KCNK1 Membrane Protein Introduction

Introduction of KCNK1

Potassium channel subfamily K member 1 (KCNK1), also known as inward rectifying potassium channel protein TWIK1, is encoded by the gene KCNK1. Originally cloned from human brain in 1996, KCNK1 is classified into the family of two-pore-domain potassium (K2P) channels, sharing the same overall architecture with four membrane-spanning segments (M1-M4), two pore domains (P1 and P2), involved in the formation of the selectivity filter, and a large extracellular M1P1 loop. Usually, two KCNK1 monomers containing four TMs assemble to form the functional homodimers ion conduction pathway. Beyond the brain, TWIK1 is also expressed at significant levels in other tissues including heart, kidney, pancreas, lung, and placenta. Significantly, TWIK1 is mainly localized in the pericentriolar recycling endosomal compartment in polarized and nonpolarized epithelial cells.

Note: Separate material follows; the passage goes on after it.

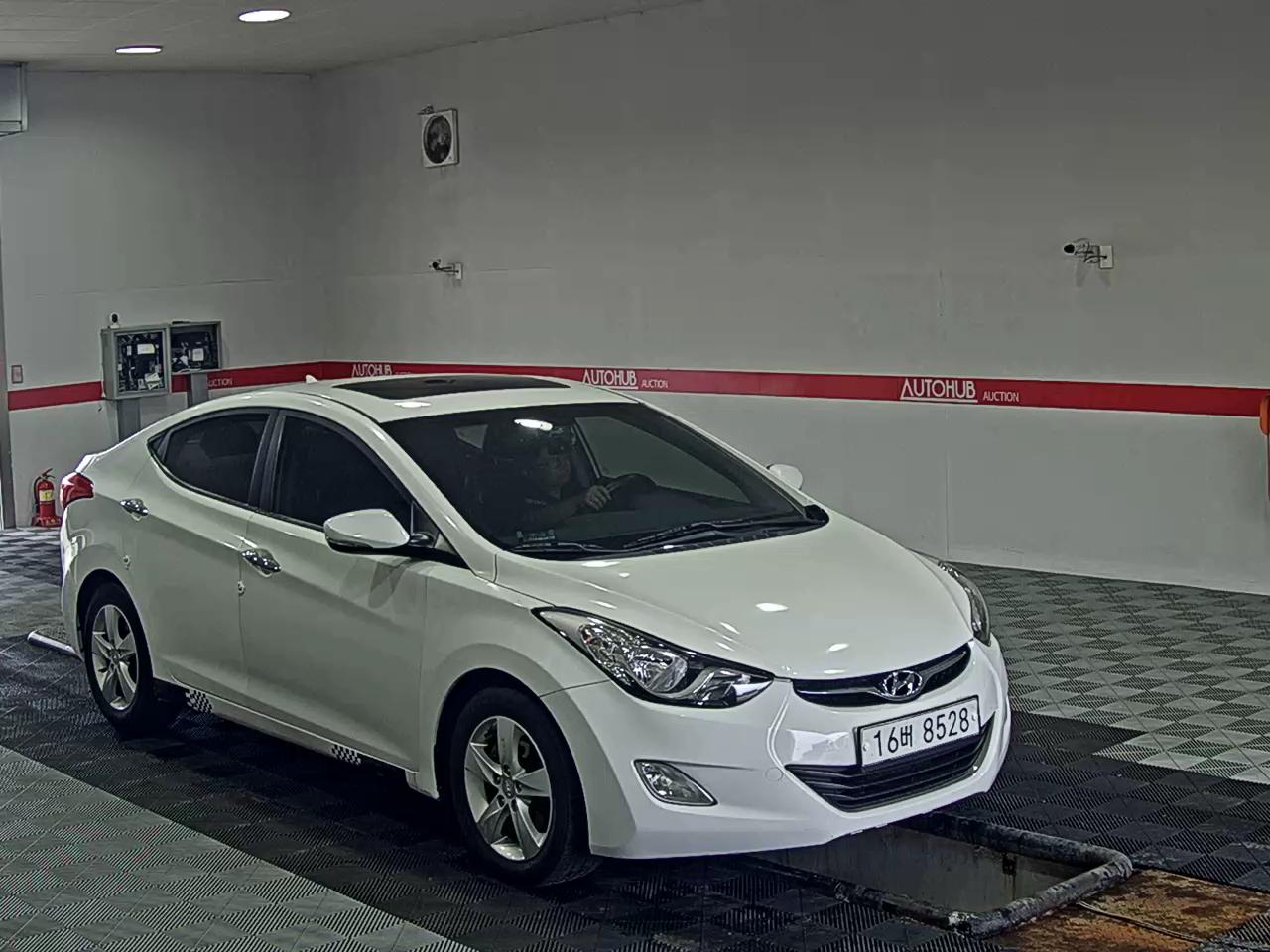 2011 - hyundai avante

Basic Information of KCNK1
Protein Name Potassium channel subfamily K member 1
Gene Name KCNK1
Aliases TWIK1
Organism Homo sapiens (Human)
UniProt ID O00180
Transmembrane Times 4
Length (aa) 336

Function of KCNK1 Membrane Protein

The KCNK1-formed two P-domain K+ (K2P) channels can produce time- and voltage-independent currents opposing membrane depolarization and cell excitability, which is distinctive from many other K+ channels. It is documented that KCNK1 activation is modulated by a diverse array of chemical and physical stimulus including pH, temperature, unsaturated fatty acids, and membrane stretch, etc. As an important component of K2P channels, KCNK1 is proposed to participate in widely physiological processes, such as apoptosis, adrenal gland development, and primary hyperaldosteronism, neuronal excitability and altered motor performance, central O2 chemoreception and breathing control, pain signaling, etc. Strong evidence showed that KCNK1 is functional and contributes to membrane trafficking/expression of transport molecules in the kidney, with impaired regulation of phosphate transport in the proximal tubule and of water transport in the medullary collecting duct in KCNK1 deficient mice. Moreover, KCNK1 is suggested to address to the cell surface when expressed in Xenopus oocytes and combines with a small ubiquitin modifier (SUMO) peptide to its lysine 274 (K274) site, which is responsible for a block of channel activity.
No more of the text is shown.